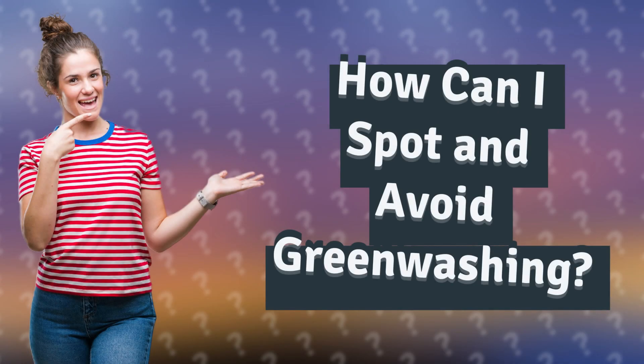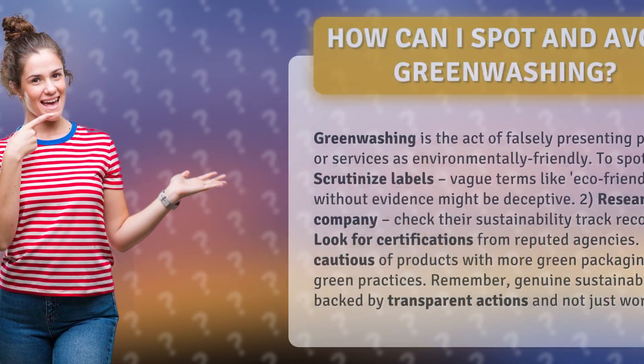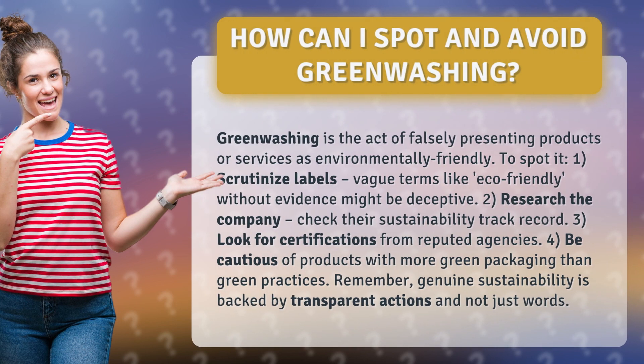How can I spot and avoid greenwashing? Greenwashing is the act of falsely presenting products or services as environmentally friendly. To spot it: 1. Scrutinize labels. Vague terms like 'eco-friendly' without evidence might be deceptive.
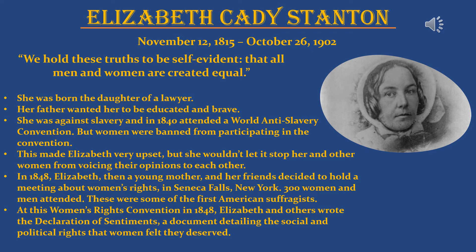Elizabeth was born the daughter of a lawyer who wanted her to be educated and brave — he taught her a lot about the law. Elizabeth was very against slavery, and in 1840 she attended a world anti-slavery convention, but women were banned from participating. This upset Elizabeth and many other women, but it didn't stop them from talking amongst themselves and sharing opinions. In 1848, Elizabeth and her friends — she was then a young mother — decided to hold a meeting about women's rights in Seneca Falls, New York. 300 women and men attended, making them some of the very first American suffragettes. At this convention, Elizabeth and others wrote the Declaration of Sentiments, a document detailing the social and political rights women felt they deserved.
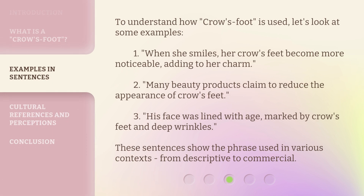To understand how 'Crow's Foot' is used, let's look at some examples. 1. When she smiles, her crow's feet become more noticeable, adding to her charm. 2. Many beauty products claim to reduce the appearance of crow's feet. 3. His face was lined with age, marked by crow's feet and deep wrinkles. These sentences show the phrase used in various contexts, from descriptive to commercial.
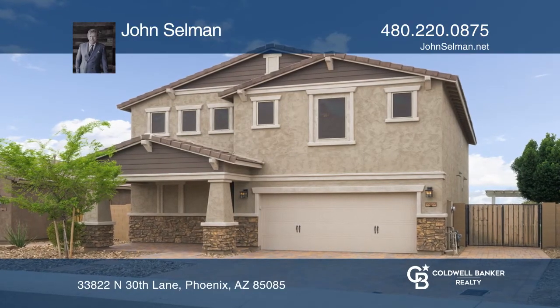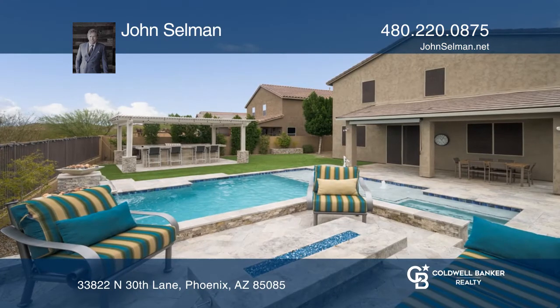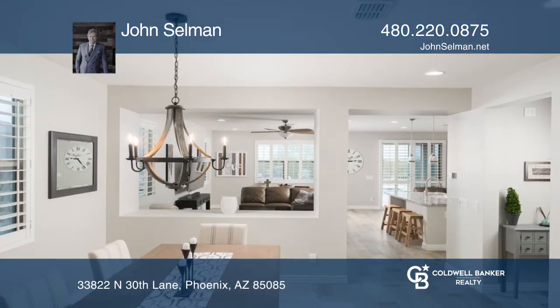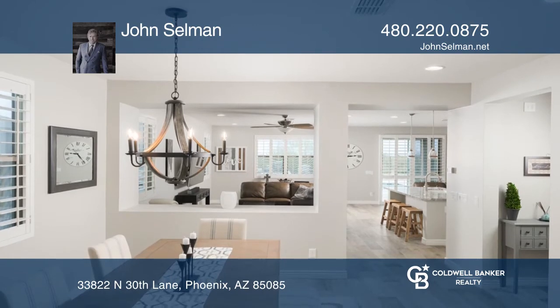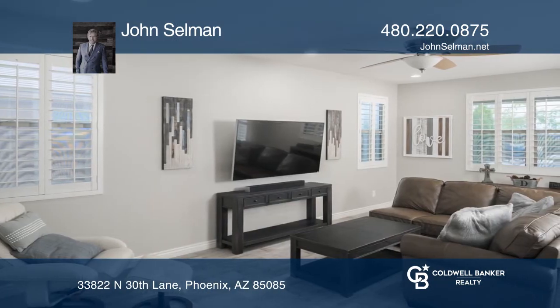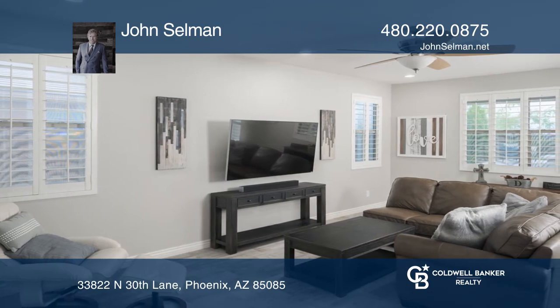This four-bedroom, two-and-a-half bath home has been beautifully upgraded with a stunning resort backyard on a view lot. Design meets good taste in appointments, including a granite island, stainless KitchenAid appliances, plus beautiful flooring and light fixtures.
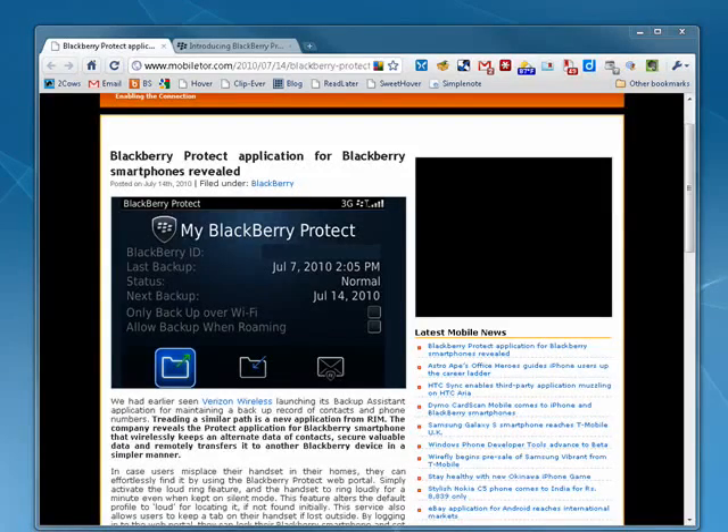Hi, this is Mike Hallahan, Dr. FileFinder, and welcome to your ButterStack.com technology breaking news update.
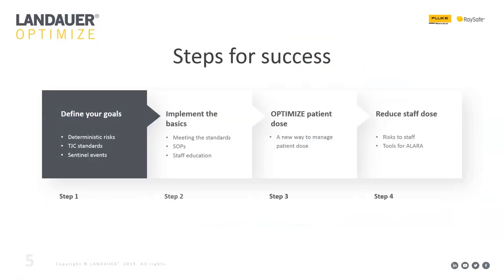To help you get there, I've devised four steps. Step one is to define your goals. Step two is to implement the basics — things that can be done in most hospitals without much investment. Step three is to optimize your patient dose, which is a new and exciting program we're offering. And step four is to reduce the staff dose.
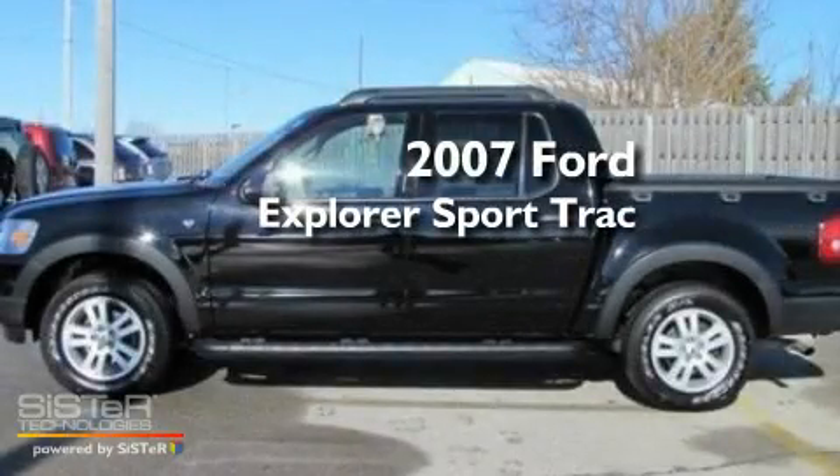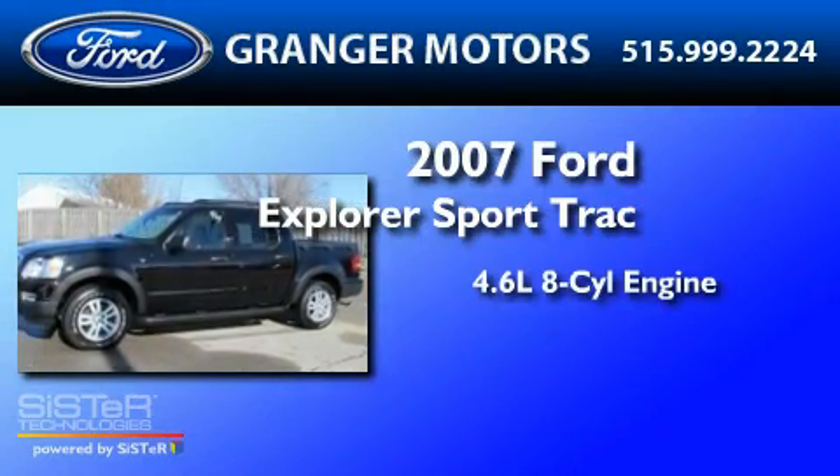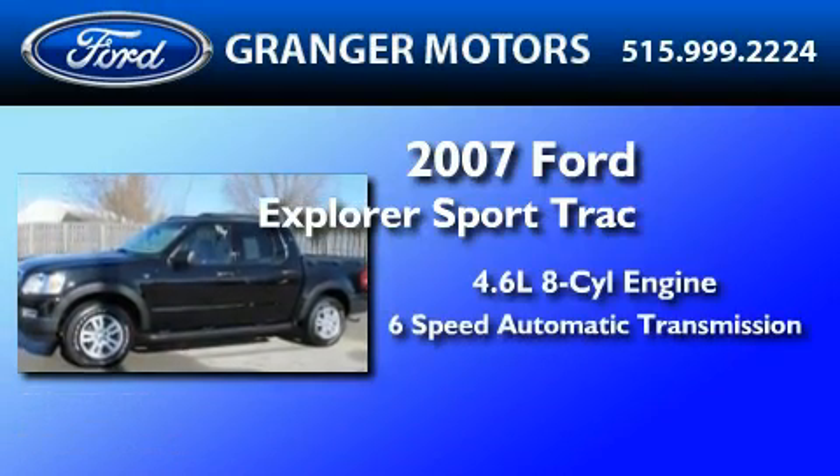This is a 2007 Ford Explorer. It has a 4.6-liter 8-cylinder engine and a 6-speed automatic transmission.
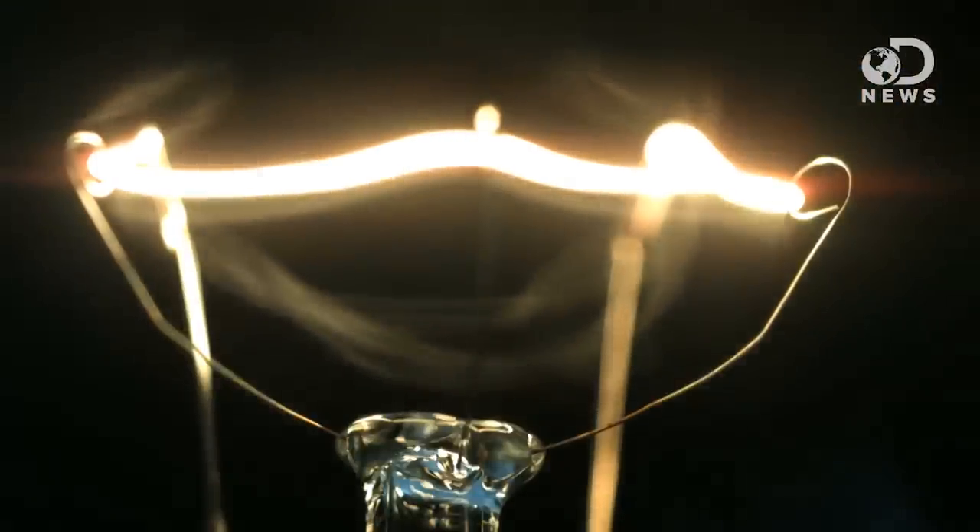In a battery, that's the cathode. But the electrolyte in the battery stops the electrons from just hopping over to the cathode. So the only way the electrons can get to where they want to go is to follow a circuit — say, through a wire that illuminates the bulb of a flashlight.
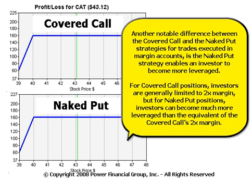Another notable difference between the covered call and the naked put strategies for trades executed in margin accounts is that the naked put strategy enables an investor to become more leveraged. For covered call positions, investors are generally limited to 2x margin. But for naked put positions, investors can become much more leveraged than the equivalent of the covered call's 2x margin.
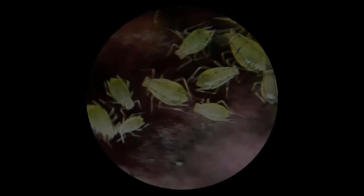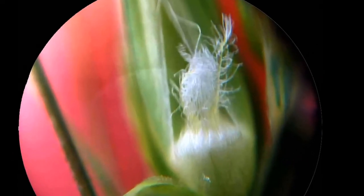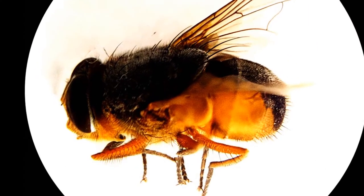We believe that microscopy has great potential. It allows farmers to identify pests and leaf disease accurately, affordably and immediately.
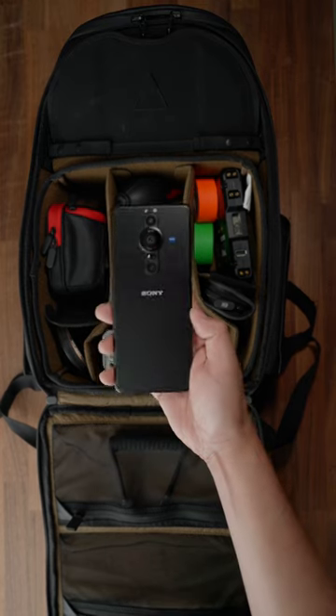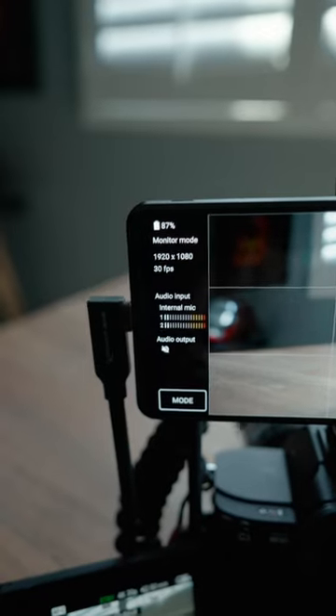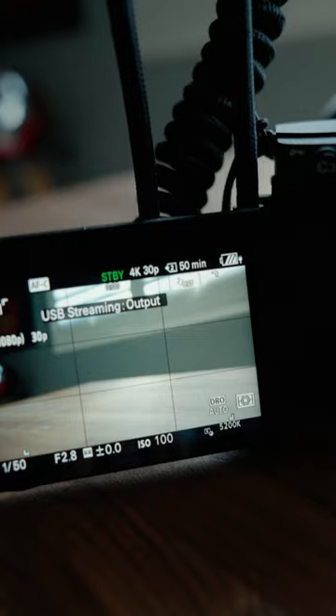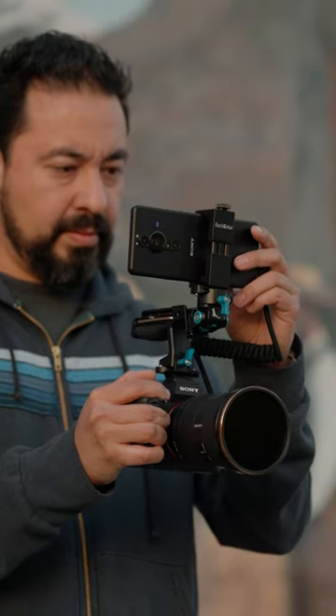It's nice not having to find extra space in my backpack for more gear when I'm on the go. And one little feature that is excellent is that I can also charge my Alpha 7R5 with my Xperia Pro i while I'm using it. I can really keep things light and compact.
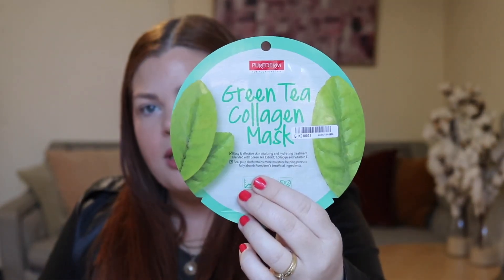Next, I have a face mask — it is from Pure Derm, the Green Tea Collagen Mask. Obviously I haven't used this yet. It is a skin revitalizing and hydrating treatment formulated with green tea extract, collagen, and vitamin E. That sounds nice. It maintains ideal moisture level of the skin by providing a constant supply of moisture and nutrition. The pulp cloth retains more moisture than synthetics, helping pores to fully absorb the product. I've never tried this brand Pure Derm. I have quite a few K-beauty face masks — my best friend bought me some from South Korea — but I haven't tried this brand, so I'm into it. This one is made in Korea as well.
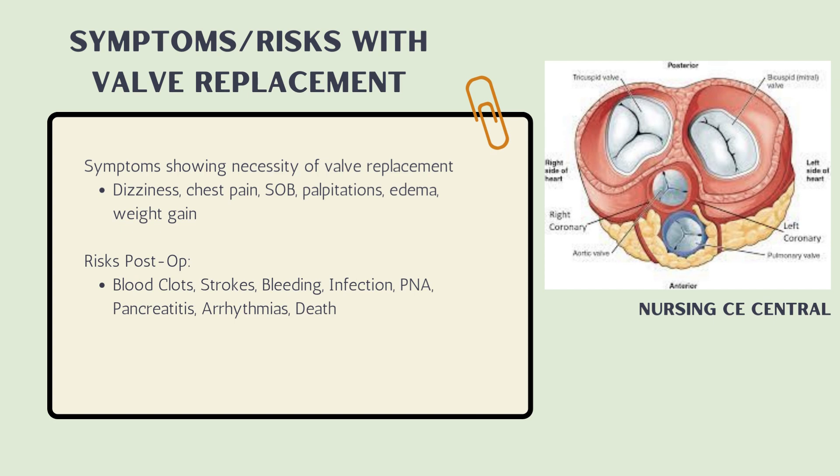Symptoms that may indicate a need for valve replacement include frequent dizziness, chest pain, shortness of breath, palpitations, edema, and weight gain. If medical management hasn't worked and it's affecting the patient's livelihood, a valve replacement may be necessary. Post-operative risks are similar to CABG risks: blood clots, strokes, bleeding, infection, risk for pneumonia due to atelectasis, pancreatitis, arrhythmias, and potentially death.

+===+

PROMPT » Copy the data above line for line, skipping every picture.

EXPECTED ANSWER »
How can I spot and avoid greenwashing? Greenwashing is the act of falsely presenting products or services as environmentally friendly. To spot it: 1. Scrutinize labels. Vague terms like 'eco-friendly' without evidence might be deceptive.
Elizabeth was born the daughter of a lawyer who wanted her to be educated and brave — he taught her a lot about the law. Elizabeth was very against slavery, and in 1840 she attended a world anti-slavery convention, but women were banned from participating. This upset Elizabeth and many other women, but it didn't stop them from talking amongst themselves and sharing opinions. In 1848, Elizabeth and her friends — she was then a young mother — decided to hold a meeting about women's rights in Seneca Falls, New York. 300 women and men attended, making them some of the very first American suffragettes. At this convention, Elizabeth and others wrote the Declaration of Sentiments, a document detailing the social and political rights women felt they deserved.
To understand how 'Crow's Foot' is used, let's look at some examples. 1. When she smiles, her crow's feet become more noticeable, adding to her charm. 2. Many beauty products claim to reduce the appearance of crow's feet. 3. His face was lined with age, marked by crow's feet and deep wrinkles. These sentences show the phrase used in various contexts, from descriptive to commercial.
This four-bedroom, two-and-a-half bath home has been beautifully upgraded with a stunning resort backyard on a view lot. Design meets good taste in appointments, including a granite island, stainless KitchenAid appliances, plus beautiful flooring and light fixtures.
Hi, this is Mike Hallahan, Dr. FileFinder, and welcome to your ButterStack.com technology breaking news update.
To help you get there, I've devised four steps. Step one is to define your goals. Step two is to implement the basics — things that can be done in most hospitals without much investment. Step three is to optimize your patient dose, which is a new and exciting program we're offering. And step four is to reduce the staff dose.
This is a 2007 Ford Explorer. It has a 4.6-liter 8-cylinder engine and a 6-speed automatic transmission.
In a battery, that's the cathode. But the electrolyte in the battery stops the electrons from just hopping over to the cathode. So the only way the electrons can get to where they want to go is to follow a circuit — say, through a wire that illuminates the bulb of a flashlight.
Another notable difference between the covered call and the naked put strategies for trades executed in margin accounts is that the naked put strategy enables an investor to become more leveraged. For covered call positions, investors are generally limited to 2x margin. But for naked put positions, investors can become much more leveraged than the equivalent of the covered call's 2x margin.
We believe that microscopy has great potential. It allows farmers to identify pests and leaf disease accurately, affordably and immediately.
It's nice not having to find extra space in my backpack for more gear when I'm on the go. And one little feature that is excellent is that I can also charge my Alpha 7R5 with my Xperia Pro i while I'm using it. I can really keep things light and compact.
Next, I have a face mask — it is from Pure Derm, the Green Tea Collagen Mask. Obviously I haven't used this yet. It is a skin revitalizing and hydrating treatment formulated with green tea extract, collagen, and vitamin E. That sounds nice. It maintains ideal moisture level of the skin by providing a constant supply of moisture and nutrition. The pulp cloth retains more moisture than synthetics, helping pores to fully absorb the product. I've never tried this brand Pure Derm. I have quite a few K-beauty face masks — my best friend bought me some from South Korea — but I haven't tried this brand, so I'm into it. This one is made in Korea as well.
Symptoms that may indicate a need for valve replacement include frequent dizziness, chest pain, shortness of breath, palpitations, edema, and weight gain. If medical management hasn't worked and it's affecting the patient's livelihood, a valve replacement may be necessary. Post-operative risks are similar to CABG risks: blood clots, strokes, bleeding, infection, risk for pneumonia due to atelectasis, pancreatitis, arrhythmias, and potentially death.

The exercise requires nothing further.